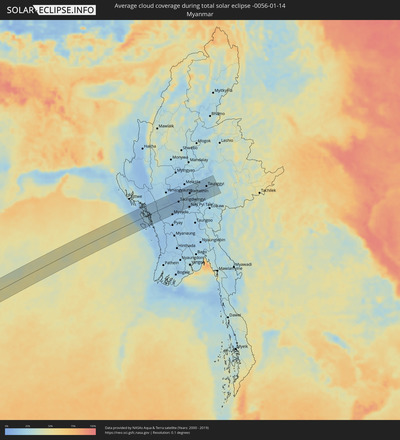 worldmap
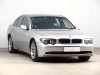 BMW 7, 2003 - celkový pohled
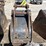 bobcat-e85-image-4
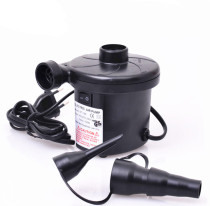 Electric Air Pump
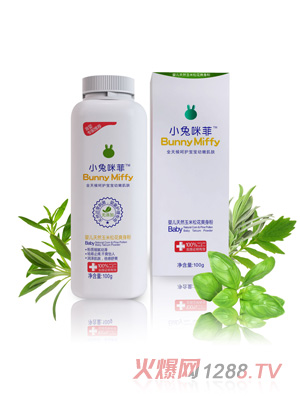 С�����yinge��Ȼ�����ɻ�ˬ����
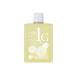 オブ・コスメ（of　cosmetics）　ソープオブヘア　1G　60mL ハンズ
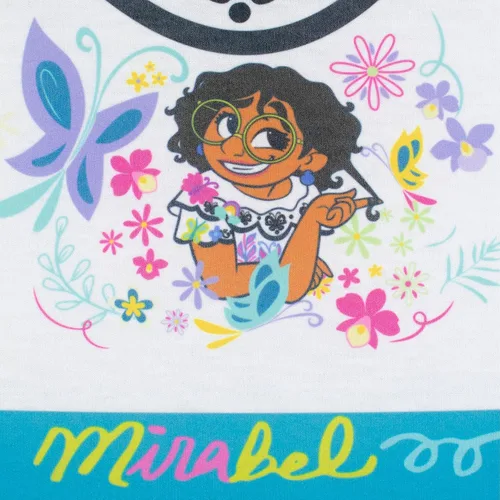 Vista 2 de Disney Camisón Encanto para niña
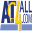 at4all.com icon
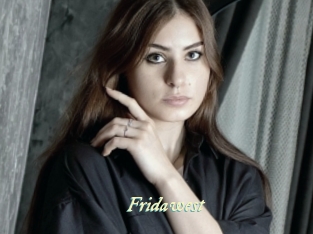 Fridawest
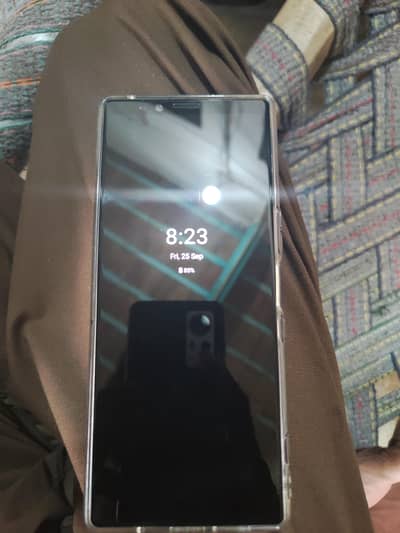 Sony 1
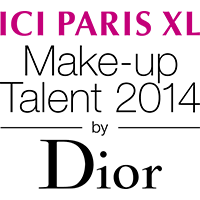 Logo_MakeUptalent_2014_noir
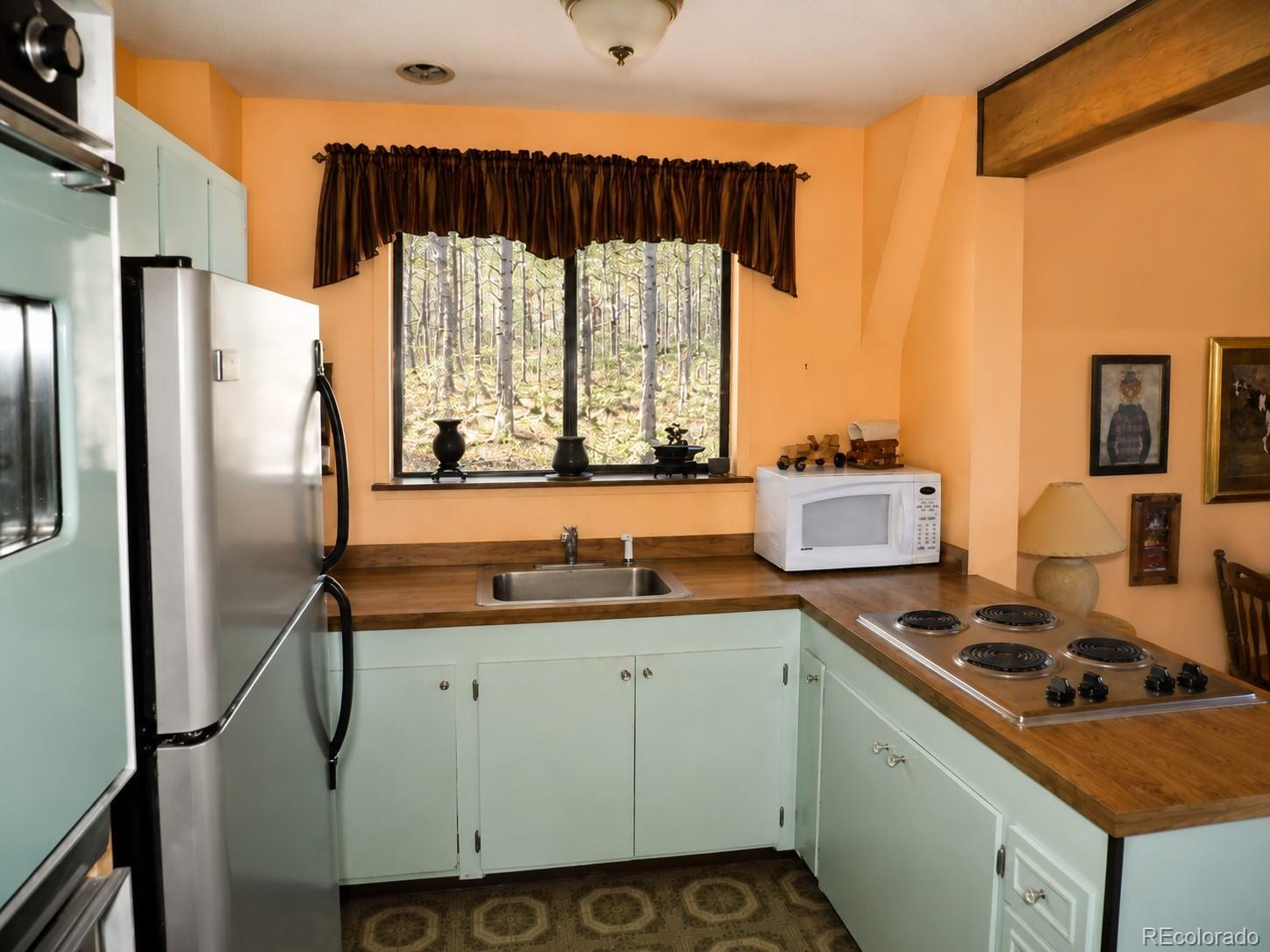 MLS Image #9 for 534  concord drive,jefferson, Colorado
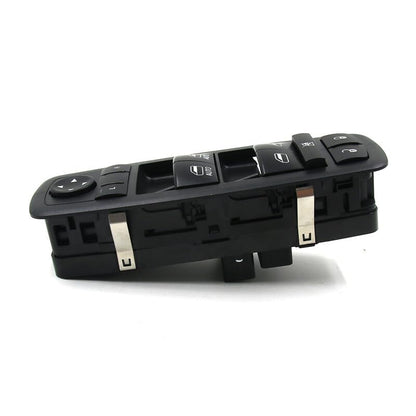 ya 3 8.24 baidi Front Left Main Window Switch 68231805AA is Suitable for Dodge Charger for Chrysler 11-17
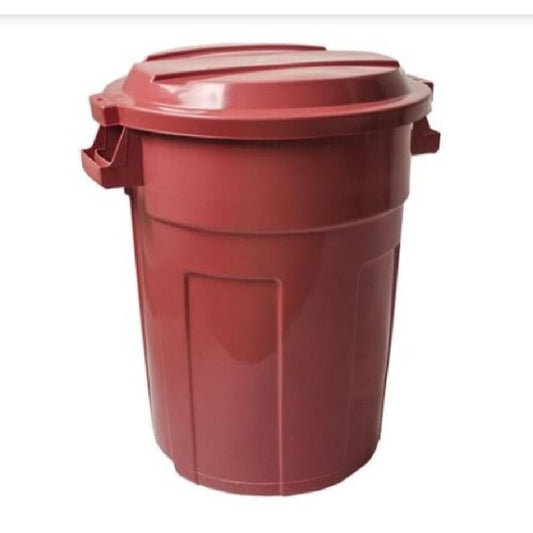 TANQUE COLORPLASTIC  120 LT COLOR
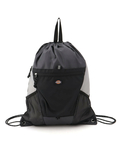 JACKROSE(ジャックローズ) |Dickies/ディッキーズ ATHLETIC KNAPSACK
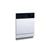 GE 24 in. GSD2000Z Built-in Dishwasher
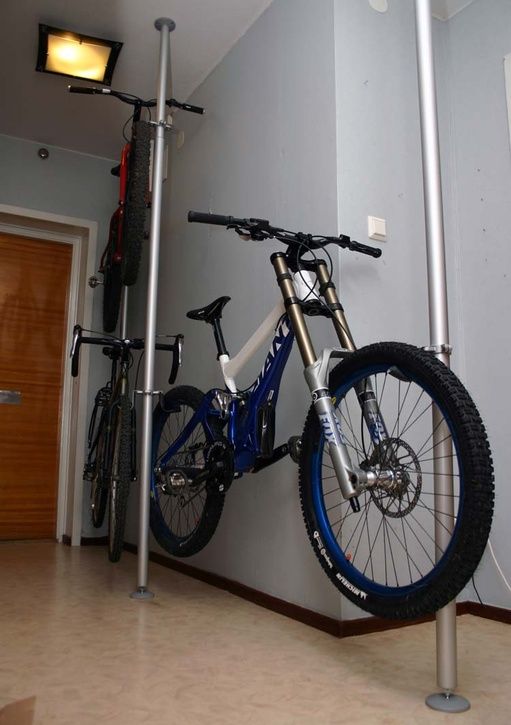 080413Cykelhallproofofconcept.jpg ht=725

——

Exercise directions
From the listing above, repeat only the lines between the line containing "С�����yinge��Ȼ�����ɻ�ˬ����" and the line containing "JACKROSE(ジャックローズ) |Dickies/ディッキーズ ATHLETIC", those two included. Pictures are not part of the copy.

Answer for this exercise
 С�����yinge��Ȼ�����ɻ�ˬ����
 オブ・コスメ（of　cosmetics）　ソープオブヘア　1G　60mL ハンズ
 Vista 2 de Disney Camisón Encanto para niña
 at4all.com icon
 Fridawest
 Sony 1
 Logo_MakeUptalent_2014_noir
 MLS Image #9 for 534  concord drive,jefferson, Colorado
 ya 3 8.24 baidi Front Left Main Window Switch 68231805AA is Suitable for Dodge Charger for Chrysler 11-17
 TANQUE COLORPLASTIC  120 LT COLOR
 JACKROSE(ジャックローズ) |Dickies/ディッキーズ ATHLETIC KNAPSACK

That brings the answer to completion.